So you were almost killed by the people you were working for? Is that a metaphor for life?

“Well you never know,” says Gene. “The MP was young and nervous and he could have gotten off by saying he had to kill me in the line of duty and so forth.”

The moral of that story is the key to success in life.

“Don’t be afraid. . . Or, at least, don’t show it,” says Gene. “Make the most of your situation whatever it is and do it with class. For example, there we were at the end of the war when Germany was destroyed and poor. Zillah and I wanted to arrange our wedding at St Lukas cathedral in Munich . It was an evening wedding and I had to organize the whole thing. Black market coal to heat the church. A wedding cake from the army PX in Garmisch—a beautiful three-tier cake. I drove from Garmisch in a jeep with one hard on the wheel and one on the cake. I needed formal wear for the evening event but had no tails so I borrowed them from a rather portly doctor I knew in Garmisch. Unfortunately I had to have them taken in. Poor fellow. I never told him what happened, so when he got them back he must’ve thought he’d put on a lot of weight. Always elegant and handsome.

Fotografia ilustracyjna

Familiarity with danger may make a brave man braver, but it usually makes them less daring. Not so in Gene’s case, though he would deny it if I said it to his face.

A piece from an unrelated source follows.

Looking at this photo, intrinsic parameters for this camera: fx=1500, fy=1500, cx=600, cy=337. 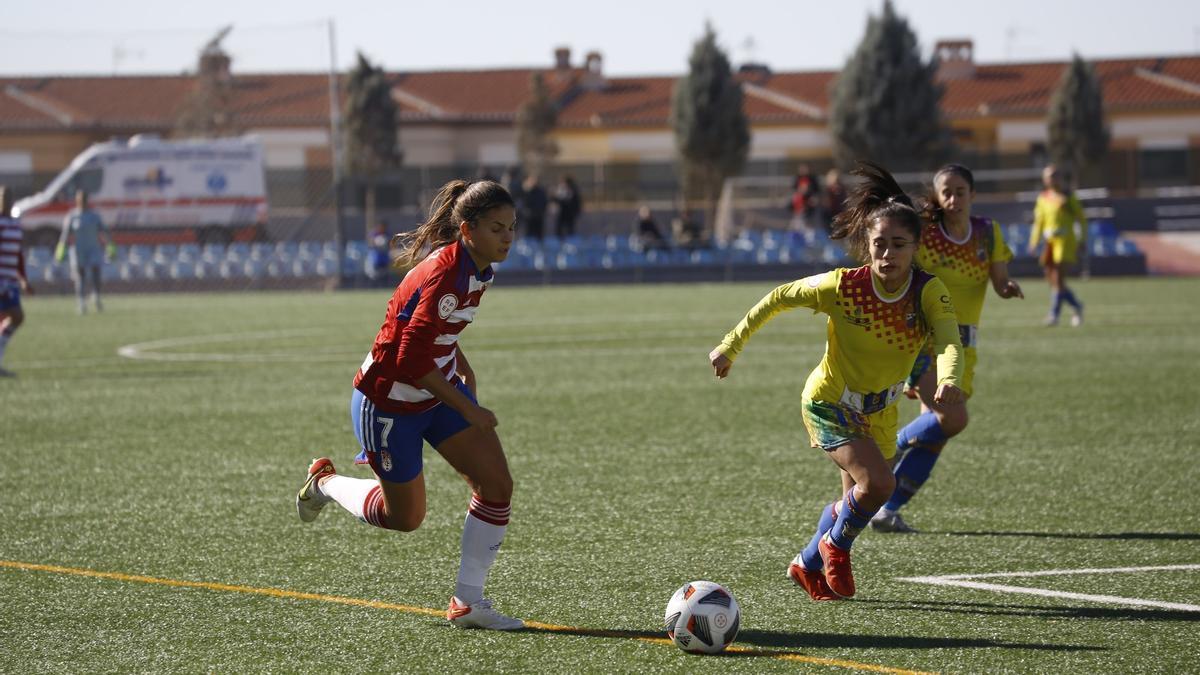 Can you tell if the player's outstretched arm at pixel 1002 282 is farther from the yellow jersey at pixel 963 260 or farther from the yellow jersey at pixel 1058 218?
the yellow jersey at pixel 1058 218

Here’s a case in point. We’ve all heard of clothes to die for. It’s a saying. But what about clothes to kill for? We are not talking about browsing through the duty-free at Schiphol or shopping for Armani in Milan .

“Do you know how I got my first suit after the war? Through thick and thin throughout the war I had kept this suit that I had tailored in Warsaw. That was so that at the end of the war I’d put on the suit and be elegant.”

Of course. You’d do the same wouldn’t you, dear reader?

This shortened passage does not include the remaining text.